If you don't, go read \url{http://unspecified.wordpress.com/2012/06/21/calculating-the-gluperspective-matrix-and-other-opengl-matrix-maths/}, it's really good.
So you end up with $x$, $y$ and $z$ (depth buffer) values; that is, device coordinates.
But for some occasions, like shadow mapping or deferred lighting, it's useful to do this transformation
backwards - going from device coordinates back to worldspace. In this article, I'm going to walk you
through the math of it.
Let's start with what we have. We start out with our world space position, $world$. \textbf{Note that $world_w$
is assumed to be 1} - for the rationale, see the article linked above.
We transform it to clip space by multiplying it with our projection/modelview matrix.
$$clip = Matrix\text{ }world$$
Then move on to device coordinates by dividing with $w$.
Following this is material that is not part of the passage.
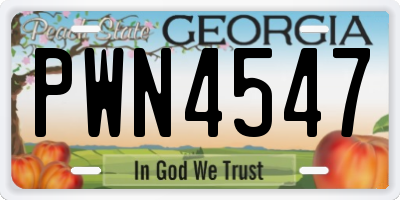 GA license plate PWN4547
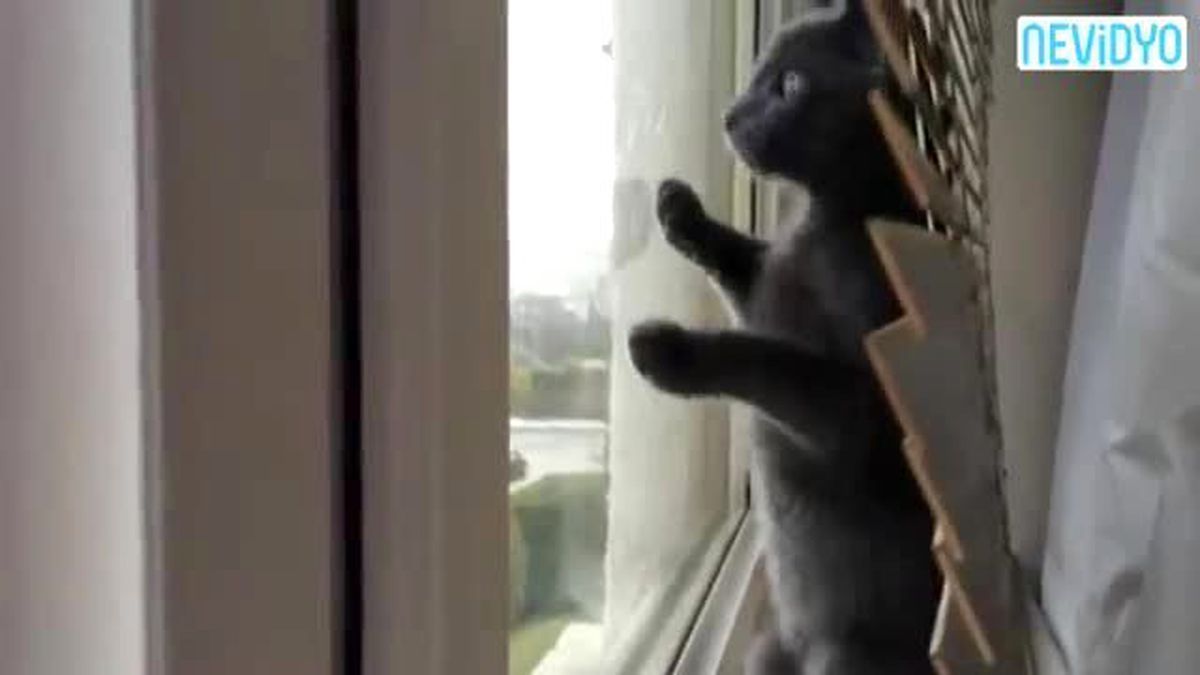 İlk Kez Kar Gören Kedi Şaşkına Döndü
$$device = clip_{xyz} / clip_w$$
So the problem we face is: given $clip = Matrix\text{ }world$, $device = clip_{xyz} / clip_w$, $world_w = 1$,
and given $device$ as an input and $Matrix$ as a constant, calculate $world$.
Let's walk through it. Invert the first step:
$$Matrix^{-1}\text{ }clip = Matrix^{-1}\text{ }Matrix\text{ }world$$
$$Matrix^{-1}\text{ }clip = world$$
Now let's see what we can do with the second equation.
$$device = clip_{xyz} / clip_w$$
$$clip_w\text{ }device = clip_{xyz}$$
Let's use this syntax to indicate a 4-vector formed by combining a 3-vector and a fourth number:
$$clip = clip_{xyzw} = (clip_{xyz}, clip_w)$$
substitute $clip_{xyz}$
$$clip = (clip_w\text{ }device, clip_w)$$
insert into our earlier equation
$$Matrix^{-1}\text{ }clip = world$$
$$Matrix^{-1}\text{ }(clip_w\text{ }device, clip_w) = world$$
$$Matrix^{-1}\text{ }clip_w\text{ }(device, 1) = world$$
And note that since matrices are linear transforms, we can pull that $clip_w$ in front of the matrix multiply:
$$clip_w\text{ }Matrix^{-1}\text{ }(device, 1) = world$$
So it seems we run into a wall. $clip_w$ is lost, right? Don't give up hope: we haven't used the
third of our initial givens yet.
$$world_w = 1$$
So let's look at just the $w$ component of that last equation there:
$$clip_w\text{ }\left(Matrix^{-1}\text{ }(device, 1)\right)_w = world_w = 1$$
Divide:
$$clip_w = \frac 1 {\left(Matrix^{-1}\text{ }(device, 1)\right)_w}$$
And insert into the equation that previously gave us trouble:
$$\frac{Matrix^{-1}\text{ }(device, 1)}{\left(Matrix^{-1}\text{ }(device, 1)\right)_w} = world$$
Or in other words:
$$\left(Matrix^{-1}\text{ }(device, 1)\right)_{xyz/w} = world\text{ ... and done.}$$
You've probably seen that equation in shader code before. Well, now you know why.
\end{document}